I haven’t used a hairbrush in at least 5 years. My hair is so short that all I use is a comb. So why on earth would I need “detangling” hairbrushes?! When I joked with him upon taking them out of my stocking that he must be tired of me using his *comb*, he replied that the hairbrush was “dirty”. Our two daughters have long hair and about 16 hairbrushes. All the hairbrushes in the house are theirs, dirty or otherwise. And brushes can be cleaned. So why?! purchase hairbrushes for the only female in the house who doesn’t use them?
It feels like I’m not being *seen*. My hair has been short since 2007 at least. Why on earth would I need a detangling hairbrush? Do you not see my short hair every single day? Does it not register that my last haircut in September was so bad that my hair was half an inch long all over my head and I was miserable about it? So giving me a brush (nay, two of them, detangling) to brush hair I don’t have and that will take me years to grow out long enough to need is... hurtful.
Now I’m pretty sure the thought process was actually something like “I need a stocking stuffer... she does hair and makeup stuff... there was a dirty hairbrush in the bathroom... she must need a new one”. It wasn’t meant to be hurtful. It was just... not well thought out.
The worst part of this situation is that I can’t easily say “Dude, are you serious?!” because I was raised to be grateful. I actually like the dental flosser doohickey thing. He could’ve stopped there and not done the dental tools and hairbrushes. And I would’ve been fine with that. My main gift was being delivered by Amazon later this week and I was cool with that. And I didn’t really mind the set of iPhone lenses he bought me even though I already had a set from 18 months ago that I don’t use. I gave my old set to my middle kid, the photographer, and I’ll keep the new set because they are really much nicer. But they will probably collect dust. Because I don’t take macro photos nor do I ntake wide-angle photos with my phone. Plus their a total PITA to use on the fly. But it did show some thought. He didn’t remember I already had them and he thought I would like them.
I thought I was ok with just returning the hairbrushes and tools to target when we went to exchange my daughter’s Pokémon game. She wanted Ultra Moon, we ended up with Moon by mistake... but that’s easily fixable. Then my son gets himself caught in his brand new jacket and breaks the zipper. Which I had to fix. He has a ha it of breaking or otherwise mangling his Christmas gifts within 24 hours of receiving them. Don’t ask me about the rc TARDIS from last year or how he got the drone from this year stuck in the tree yesterday. See, if I were given something *nice* as a gift, I’d cherish it for more than 2.8 seconds. But I got dental floss, hairbrushes and dental tools.

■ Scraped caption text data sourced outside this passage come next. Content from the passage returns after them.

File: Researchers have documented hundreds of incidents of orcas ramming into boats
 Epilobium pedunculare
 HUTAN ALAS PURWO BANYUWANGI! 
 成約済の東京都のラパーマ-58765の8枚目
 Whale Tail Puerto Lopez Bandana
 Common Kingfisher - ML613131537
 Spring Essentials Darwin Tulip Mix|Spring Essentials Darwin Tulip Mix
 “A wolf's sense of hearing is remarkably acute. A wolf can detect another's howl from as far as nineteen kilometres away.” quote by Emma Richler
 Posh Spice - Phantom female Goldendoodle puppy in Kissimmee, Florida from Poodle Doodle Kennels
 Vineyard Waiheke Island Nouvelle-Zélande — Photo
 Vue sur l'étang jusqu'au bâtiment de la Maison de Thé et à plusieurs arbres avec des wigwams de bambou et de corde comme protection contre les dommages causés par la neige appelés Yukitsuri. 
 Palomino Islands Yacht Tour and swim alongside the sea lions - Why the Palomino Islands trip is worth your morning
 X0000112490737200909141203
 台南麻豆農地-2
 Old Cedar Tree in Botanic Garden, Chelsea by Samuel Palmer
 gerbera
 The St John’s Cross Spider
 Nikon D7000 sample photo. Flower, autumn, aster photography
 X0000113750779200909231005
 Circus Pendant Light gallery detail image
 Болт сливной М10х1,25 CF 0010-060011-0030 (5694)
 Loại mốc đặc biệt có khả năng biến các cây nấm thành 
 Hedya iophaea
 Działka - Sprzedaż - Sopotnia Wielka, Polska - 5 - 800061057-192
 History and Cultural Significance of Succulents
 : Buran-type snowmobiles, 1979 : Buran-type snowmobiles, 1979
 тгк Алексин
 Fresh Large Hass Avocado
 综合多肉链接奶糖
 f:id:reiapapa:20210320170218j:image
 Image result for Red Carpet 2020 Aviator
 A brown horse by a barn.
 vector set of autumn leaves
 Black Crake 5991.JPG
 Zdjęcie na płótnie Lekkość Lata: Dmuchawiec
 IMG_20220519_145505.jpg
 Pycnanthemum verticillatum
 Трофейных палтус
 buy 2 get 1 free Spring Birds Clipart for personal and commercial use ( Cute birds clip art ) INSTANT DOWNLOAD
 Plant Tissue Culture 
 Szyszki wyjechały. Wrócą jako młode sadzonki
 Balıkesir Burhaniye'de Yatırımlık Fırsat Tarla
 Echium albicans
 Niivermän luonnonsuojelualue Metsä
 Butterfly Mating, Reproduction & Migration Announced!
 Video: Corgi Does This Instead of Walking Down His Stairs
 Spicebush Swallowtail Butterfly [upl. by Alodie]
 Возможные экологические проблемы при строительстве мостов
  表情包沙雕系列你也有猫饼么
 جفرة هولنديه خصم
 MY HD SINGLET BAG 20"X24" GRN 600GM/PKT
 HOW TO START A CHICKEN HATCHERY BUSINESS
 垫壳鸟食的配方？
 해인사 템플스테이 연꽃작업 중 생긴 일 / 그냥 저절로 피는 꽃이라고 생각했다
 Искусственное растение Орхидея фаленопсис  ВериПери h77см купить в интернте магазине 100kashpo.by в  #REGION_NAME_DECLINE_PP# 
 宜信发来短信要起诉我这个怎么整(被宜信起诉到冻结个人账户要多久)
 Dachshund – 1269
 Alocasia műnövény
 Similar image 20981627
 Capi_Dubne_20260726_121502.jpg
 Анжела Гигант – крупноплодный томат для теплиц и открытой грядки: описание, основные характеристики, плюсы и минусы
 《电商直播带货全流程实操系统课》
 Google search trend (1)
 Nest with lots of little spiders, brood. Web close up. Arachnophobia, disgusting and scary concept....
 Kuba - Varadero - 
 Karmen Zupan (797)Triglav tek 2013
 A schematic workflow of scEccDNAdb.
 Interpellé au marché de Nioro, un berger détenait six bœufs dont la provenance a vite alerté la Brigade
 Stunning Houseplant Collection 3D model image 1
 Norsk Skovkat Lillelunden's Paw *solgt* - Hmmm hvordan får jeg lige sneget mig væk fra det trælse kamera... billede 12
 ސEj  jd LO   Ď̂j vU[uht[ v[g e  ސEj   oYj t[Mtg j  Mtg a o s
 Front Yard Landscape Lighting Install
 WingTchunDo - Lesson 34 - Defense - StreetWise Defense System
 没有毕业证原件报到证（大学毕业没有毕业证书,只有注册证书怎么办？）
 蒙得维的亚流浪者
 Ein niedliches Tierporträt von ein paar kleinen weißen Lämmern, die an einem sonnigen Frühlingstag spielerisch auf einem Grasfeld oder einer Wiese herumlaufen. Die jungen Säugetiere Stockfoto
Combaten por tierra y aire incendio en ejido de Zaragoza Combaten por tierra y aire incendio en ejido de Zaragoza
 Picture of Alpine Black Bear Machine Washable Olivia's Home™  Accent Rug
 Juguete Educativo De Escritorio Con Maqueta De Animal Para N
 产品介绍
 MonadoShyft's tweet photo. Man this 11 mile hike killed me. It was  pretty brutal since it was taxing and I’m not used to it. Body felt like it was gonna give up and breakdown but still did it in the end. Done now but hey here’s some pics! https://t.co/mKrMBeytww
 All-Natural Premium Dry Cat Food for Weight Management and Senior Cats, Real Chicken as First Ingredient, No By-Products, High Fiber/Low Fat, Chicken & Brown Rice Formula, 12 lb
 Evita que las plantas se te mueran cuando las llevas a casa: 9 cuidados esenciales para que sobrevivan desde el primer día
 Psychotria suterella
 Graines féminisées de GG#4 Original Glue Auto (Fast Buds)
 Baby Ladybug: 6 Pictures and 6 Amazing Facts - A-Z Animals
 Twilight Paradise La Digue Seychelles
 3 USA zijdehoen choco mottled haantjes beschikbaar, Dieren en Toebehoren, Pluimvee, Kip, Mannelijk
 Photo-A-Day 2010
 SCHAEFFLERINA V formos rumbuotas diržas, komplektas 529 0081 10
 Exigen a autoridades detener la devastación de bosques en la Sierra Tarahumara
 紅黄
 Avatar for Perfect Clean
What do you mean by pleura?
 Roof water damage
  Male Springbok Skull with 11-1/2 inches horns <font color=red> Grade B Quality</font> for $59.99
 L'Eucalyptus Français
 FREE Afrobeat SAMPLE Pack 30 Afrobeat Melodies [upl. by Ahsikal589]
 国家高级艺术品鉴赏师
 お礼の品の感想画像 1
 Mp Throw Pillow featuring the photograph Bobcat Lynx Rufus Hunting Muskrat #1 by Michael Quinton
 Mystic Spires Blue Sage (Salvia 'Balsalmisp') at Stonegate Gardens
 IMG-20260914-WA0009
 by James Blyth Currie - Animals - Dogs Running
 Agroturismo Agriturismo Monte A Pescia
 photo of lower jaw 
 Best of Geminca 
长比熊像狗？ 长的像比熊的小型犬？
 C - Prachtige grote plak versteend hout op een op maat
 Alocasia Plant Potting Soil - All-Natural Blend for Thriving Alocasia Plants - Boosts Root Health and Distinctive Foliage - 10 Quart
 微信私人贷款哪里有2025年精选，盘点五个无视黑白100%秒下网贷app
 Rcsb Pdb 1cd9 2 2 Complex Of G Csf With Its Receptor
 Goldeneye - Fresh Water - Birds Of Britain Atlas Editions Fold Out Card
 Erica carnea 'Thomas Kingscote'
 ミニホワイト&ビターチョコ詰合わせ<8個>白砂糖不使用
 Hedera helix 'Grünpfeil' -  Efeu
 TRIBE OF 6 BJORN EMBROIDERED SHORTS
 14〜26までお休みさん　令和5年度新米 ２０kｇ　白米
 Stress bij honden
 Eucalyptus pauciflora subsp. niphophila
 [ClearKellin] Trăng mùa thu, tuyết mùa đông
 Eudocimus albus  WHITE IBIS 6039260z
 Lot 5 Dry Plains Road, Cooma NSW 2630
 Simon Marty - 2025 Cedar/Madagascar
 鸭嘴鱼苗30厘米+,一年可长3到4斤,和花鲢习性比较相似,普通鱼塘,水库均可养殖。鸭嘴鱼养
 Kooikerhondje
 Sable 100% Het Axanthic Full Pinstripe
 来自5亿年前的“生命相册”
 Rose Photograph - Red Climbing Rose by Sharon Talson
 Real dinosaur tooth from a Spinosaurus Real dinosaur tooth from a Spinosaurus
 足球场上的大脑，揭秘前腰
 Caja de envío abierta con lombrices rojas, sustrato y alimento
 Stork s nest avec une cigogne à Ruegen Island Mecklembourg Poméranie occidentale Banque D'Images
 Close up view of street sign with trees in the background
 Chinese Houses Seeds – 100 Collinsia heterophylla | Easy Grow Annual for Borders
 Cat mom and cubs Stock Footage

I saw the stupid hairbrushes in the table lost it again this morning. Huge ugly sobs. Which I think scared my kids. None of whom thought to warn their dad that hairbrushes and dental floss were a BAD idea. Not that they should be responsible to make sure that he shops appropriately. I told them (among other things) that they should counsel him for next Christmas so as to avoid making such a grave error in judgement. Even my oldest child understands that I don’t use hairbrushes. Two of them. Detangling. I think the reason why I’m so hurt is that I try my hardest to make sure everyone gets something they will like and use. But no one does the same for me. If I did for everyone else what was done for me, everyone would be getting cotton underwear and deodorant for Christmas. Whether they needed it or not. And it would be the wrong size. And scent.
I don’t need anything. But just because I don’t need anything doesn’t mean it’s ok to just throw whatever in the stocking and be done with it. I would’ve been happier with nothing at all.
PS: don’t come ask me if I had a “good christmas” afterwards.